Interpretive Summary: River corridors along streams that do not have water year-round are known to provide diverse physical and ecological functions that are thought to be related to geomorphic heterogeneity. Geomorphic heterogeneity refers to the variability of geomorphic patches within the river corridor in space and time. While studies on the magnitude and drivers of geomorphic heterogeneity are emerging in perennial streams that have water in them throughout the year, similar studies in non-perennial (normally dry) streams are lacking. Because non-perennial streams are found throughout the globe, we aim to answer questions regarding the magnitude and drivers of geomorphic heterogeneity in non-perennial river corridors and to understand how flood disturbance affects channel and floodplain shape. Geomorphic units were mapped in 30 river corridors within six non-perennial watersheds in Utah and Arizona, USA. Landscape heterogeneity metrics were used to quantify geomorphic heterogeneity within each reach. Additionally, variables that may potentially constrain or drive heterogeneity were quantified, including floodplain shape, grain size, large wood abundance, and proxies for flood disturbance. While heterogeneity positively correlated with metrics for channel shape and disturbance, statistical models suggest that floodplain width was a more important predictor for estimating geomorphic heterogeneity. Sediment accumulation occurred across a range of flood energies, suggesting a strong tie between heterogeneity and flood disturbance.
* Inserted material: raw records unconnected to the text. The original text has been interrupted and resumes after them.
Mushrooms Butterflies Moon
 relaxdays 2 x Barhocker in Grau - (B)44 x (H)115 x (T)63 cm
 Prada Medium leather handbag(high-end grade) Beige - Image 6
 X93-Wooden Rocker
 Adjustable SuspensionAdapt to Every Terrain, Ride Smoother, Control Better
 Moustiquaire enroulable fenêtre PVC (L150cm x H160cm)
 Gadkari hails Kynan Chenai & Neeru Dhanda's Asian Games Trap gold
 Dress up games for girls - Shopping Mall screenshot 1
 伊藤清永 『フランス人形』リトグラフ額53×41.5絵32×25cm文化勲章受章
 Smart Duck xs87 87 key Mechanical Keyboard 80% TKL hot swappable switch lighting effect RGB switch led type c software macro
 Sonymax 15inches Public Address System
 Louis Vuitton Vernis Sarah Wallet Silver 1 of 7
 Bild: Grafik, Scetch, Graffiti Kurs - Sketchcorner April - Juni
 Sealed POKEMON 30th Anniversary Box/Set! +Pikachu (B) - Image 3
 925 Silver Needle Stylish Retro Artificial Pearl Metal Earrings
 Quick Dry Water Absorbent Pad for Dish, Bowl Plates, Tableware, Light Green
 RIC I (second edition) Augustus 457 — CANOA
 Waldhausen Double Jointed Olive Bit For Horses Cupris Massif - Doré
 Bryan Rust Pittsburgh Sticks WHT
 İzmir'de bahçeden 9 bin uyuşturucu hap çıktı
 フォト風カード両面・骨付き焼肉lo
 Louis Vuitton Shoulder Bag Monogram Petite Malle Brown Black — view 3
Technical Abstract: River corridors along non-perennial stream networks are known to provide diverse physical and ecological functions that are thought to be related to geomorphic heterogeneity. Geomorphic heterogeneity refers to the spatial and temporal variability of geomorphic units, which are geomorphic patches within the river corridor formed by a given set of processes. While studies on the magnitude and drivers of geomorphic heterogeneity are emerging in perennial streams, similar studies in ephemeral streams are lacking. Given the ubiquity of non-perennial streams globally, we aim to answer questions regarding the magnitude and drivers of geomorphic heterogeneity in non-perennial river corridors as well as how geomorphic units and heterogeneity reflect processes related to flood disturbance. Geomorphic units were mapped in 30 unconfined river corridors within six non-perennial watersheds in Utah and Arizona, USA. Landscape heterogeneity metrics – Shannon’s Diversity Index, Shannon’s Evenness Index, and patch density – were used to quantify geomorphic heterogeneity within each reach. Additionally, variables that may potentially constrain or drive heterogeneity were quantified, including floodplain shape, grain size, large wood abundance, and proxies for flood disturbance. While heterogeneity positively correlated with metrics for morphology and disturbance, statistical models suggest that morphologic context, particularly floodplain width, was a more important predictor for estimating geomorphic heterogeneity. Still, geomorphic units reflected aggradation processes indicative of a range of flood energies, suggesting a strong tie between heterogeneity and disturbance. Results suggest that geomorphic heterogeneity may be resilient to changes in flood disturbance frequency or magnitude, but future studies investigating long-term temporal heterogeneity are needed.